The basement is nearly done. New windows, wall, mostly scrubbed down and painted. (Ceiling paint dripping in my hair, while listening to the Smothers Brothers album -- a memory I will forever keep from this period.)
The garden looks glorious. Roses are blooming their heads off, hibiscus and pinks looking perky on the deck. Lawn's freshly cut, and the dog holes filled in. (No thanks to you, Charley & Abby.)
Friend Jo is over, helping. Her car is out front.
And the hail begins.
Two hours later, much of it groping around in the dark downstairs (we lost power), the garden's trashed. We've spent a bunch of time mopping and moving things. The lecture I'd planned to give outside in the sunshine, with the quilts pinned to the clothesline -- well, I could still do it, provided the Texans wouldn't mind sitting in ankle-deep slush.
Jo's car is a mass of dents. (Ours gets its share, too.) Our roof isn't doing so good, and the skylight is leaking. (Turns out it's smashed.) This was the worst hail we've ever seen in nearly 30 years of living in Colorado.
The Brick and I head down to the church to get folding chairs....but we get stuck at the bottom of the street, where the hail is now knee-deep in the culvert. The Cherokee, which normally goes through anything, stops like it's been lassoed.
Our neighbor's there, too. Within sight of her own driveway.
Finally, another truck comes by and pulls us both out. (Another vivid thing to remember: guys in shorts and sandals shoveling away hail!) We get the chairs, straggle back, fall into bed.
Next morning, bright and early, come 41 members on the Common Threads quilt tour -- Texans (and a few Oklahoma girls) on the move.

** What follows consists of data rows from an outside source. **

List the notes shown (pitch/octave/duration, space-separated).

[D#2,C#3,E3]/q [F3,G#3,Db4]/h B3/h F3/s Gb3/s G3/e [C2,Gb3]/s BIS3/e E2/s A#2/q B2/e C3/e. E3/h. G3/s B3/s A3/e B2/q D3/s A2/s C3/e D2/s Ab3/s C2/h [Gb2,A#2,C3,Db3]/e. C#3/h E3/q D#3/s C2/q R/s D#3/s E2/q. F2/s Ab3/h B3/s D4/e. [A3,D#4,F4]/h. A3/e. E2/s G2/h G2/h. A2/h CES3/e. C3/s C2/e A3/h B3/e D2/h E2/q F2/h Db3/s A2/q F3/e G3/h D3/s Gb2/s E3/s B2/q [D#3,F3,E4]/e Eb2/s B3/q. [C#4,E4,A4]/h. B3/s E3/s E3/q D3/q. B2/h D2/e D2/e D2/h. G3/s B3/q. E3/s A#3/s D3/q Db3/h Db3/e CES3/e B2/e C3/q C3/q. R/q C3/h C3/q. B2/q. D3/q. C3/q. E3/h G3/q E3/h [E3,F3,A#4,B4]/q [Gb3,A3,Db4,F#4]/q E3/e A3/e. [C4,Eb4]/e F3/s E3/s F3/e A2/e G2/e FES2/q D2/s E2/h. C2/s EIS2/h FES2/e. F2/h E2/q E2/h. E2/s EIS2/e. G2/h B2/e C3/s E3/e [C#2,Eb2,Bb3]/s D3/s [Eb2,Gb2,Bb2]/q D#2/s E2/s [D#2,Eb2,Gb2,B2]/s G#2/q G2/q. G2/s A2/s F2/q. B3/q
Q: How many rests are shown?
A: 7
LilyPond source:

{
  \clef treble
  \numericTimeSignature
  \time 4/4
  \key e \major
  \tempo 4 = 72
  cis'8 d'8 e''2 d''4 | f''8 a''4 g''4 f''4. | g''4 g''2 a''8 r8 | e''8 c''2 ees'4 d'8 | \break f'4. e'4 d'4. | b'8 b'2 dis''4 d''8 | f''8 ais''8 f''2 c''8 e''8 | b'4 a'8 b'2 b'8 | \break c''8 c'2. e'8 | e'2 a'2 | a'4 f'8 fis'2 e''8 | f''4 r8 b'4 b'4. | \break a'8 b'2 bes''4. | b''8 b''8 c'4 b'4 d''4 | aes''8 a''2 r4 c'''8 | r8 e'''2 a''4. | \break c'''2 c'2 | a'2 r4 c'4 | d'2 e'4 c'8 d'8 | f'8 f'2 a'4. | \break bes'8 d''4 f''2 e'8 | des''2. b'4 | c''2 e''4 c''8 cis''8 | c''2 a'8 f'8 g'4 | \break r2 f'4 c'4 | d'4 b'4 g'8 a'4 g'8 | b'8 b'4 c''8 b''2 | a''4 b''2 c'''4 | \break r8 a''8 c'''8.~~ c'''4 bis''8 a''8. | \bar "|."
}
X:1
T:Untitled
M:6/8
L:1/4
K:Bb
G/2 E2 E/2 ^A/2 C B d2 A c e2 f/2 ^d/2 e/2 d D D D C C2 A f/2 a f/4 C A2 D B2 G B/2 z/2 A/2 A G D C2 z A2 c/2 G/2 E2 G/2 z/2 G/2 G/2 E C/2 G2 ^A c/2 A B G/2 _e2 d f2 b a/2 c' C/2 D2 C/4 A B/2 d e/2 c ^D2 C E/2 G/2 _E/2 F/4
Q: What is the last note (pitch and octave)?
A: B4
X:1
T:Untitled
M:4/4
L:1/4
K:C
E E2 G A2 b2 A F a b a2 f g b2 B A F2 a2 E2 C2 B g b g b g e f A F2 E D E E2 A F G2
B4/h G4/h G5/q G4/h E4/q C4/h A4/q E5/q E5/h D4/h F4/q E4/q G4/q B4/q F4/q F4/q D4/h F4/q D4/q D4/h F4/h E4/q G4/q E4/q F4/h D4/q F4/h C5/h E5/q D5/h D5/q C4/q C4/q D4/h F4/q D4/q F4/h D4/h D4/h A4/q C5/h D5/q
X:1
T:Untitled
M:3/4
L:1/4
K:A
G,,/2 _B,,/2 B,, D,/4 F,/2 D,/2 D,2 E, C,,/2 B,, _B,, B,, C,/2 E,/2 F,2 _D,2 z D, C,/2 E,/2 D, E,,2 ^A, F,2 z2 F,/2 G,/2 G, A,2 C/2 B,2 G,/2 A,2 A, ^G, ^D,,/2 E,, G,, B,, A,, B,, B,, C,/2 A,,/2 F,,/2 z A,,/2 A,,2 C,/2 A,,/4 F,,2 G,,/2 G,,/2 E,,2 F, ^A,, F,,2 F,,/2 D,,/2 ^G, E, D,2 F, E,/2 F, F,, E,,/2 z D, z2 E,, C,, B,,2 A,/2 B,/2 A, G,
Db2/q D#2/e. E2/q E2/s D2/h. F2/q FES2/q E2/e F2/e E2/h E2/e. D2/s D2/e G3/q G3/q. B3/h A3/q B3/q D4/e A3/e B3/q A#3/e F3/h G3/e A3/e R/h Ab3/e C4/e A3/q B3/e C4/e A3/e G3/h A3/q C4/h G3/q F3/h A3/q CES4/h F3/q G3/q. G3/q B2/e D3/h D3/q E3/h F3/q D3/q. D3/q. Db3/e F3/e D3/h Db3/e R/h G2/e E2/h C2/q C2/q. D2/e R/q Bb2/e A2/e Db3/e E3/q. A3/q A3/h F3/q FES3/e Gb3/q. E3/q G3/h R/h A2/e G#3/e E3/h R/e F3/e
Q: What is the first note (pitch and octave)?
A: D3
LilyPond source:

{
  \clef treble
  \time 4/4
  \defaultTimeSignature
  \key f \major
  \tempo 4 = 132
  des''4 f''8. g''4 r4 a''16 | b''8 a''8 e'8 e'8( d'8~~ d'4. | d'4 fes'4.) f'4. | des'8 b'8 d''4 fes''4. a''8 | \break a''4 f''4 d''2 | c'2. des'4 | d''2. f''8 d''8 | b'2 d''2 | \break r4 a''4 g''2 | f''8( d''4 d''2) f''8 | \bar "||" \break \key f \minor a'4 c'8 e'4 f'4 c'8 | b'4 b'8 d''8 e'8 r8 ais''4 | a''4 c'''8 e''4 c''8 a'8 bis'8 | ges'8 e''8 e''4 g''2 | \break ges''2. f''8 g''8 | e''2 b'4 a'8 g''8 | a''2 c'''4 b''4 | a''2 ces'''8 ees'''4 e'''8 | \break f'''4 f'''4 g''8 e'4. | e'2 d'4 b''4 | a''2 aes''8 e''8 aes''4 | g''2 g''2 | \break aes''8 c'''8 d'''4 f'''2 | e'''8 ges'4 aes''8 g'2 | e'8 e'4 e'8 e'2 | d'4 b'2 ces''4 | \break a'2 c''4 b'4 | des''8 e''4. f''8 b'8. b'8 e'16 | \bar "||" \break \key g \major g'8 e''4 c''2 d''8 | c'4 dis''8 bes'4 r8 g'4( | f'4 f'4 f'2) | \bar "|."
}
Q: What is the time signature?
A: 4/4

They've been sponsored by the Common Threads quilt shop in Waxahachie, TX. (See the shop here -- it's a beauty.) A huge bus pulls up by the house (our neighbors gaping behind their curtains), and ladies come pouring out. They wander around the backyard, looking at the hail. (And the chickens, who are just as curious about them.) They're remarkably tactful about the piles of shredded greenery that decorate everything.
Down they go, to the basement, where we keep Brickworks' offices and (now) teaching area. It's been crammed to the gills with folding chairs -- and because the morning's chilly, we've lit a small fire in the fireplace. (Polite coughs from some of the audience -- I should have thought to open the dampers upstairs, as well as down. Sigh.)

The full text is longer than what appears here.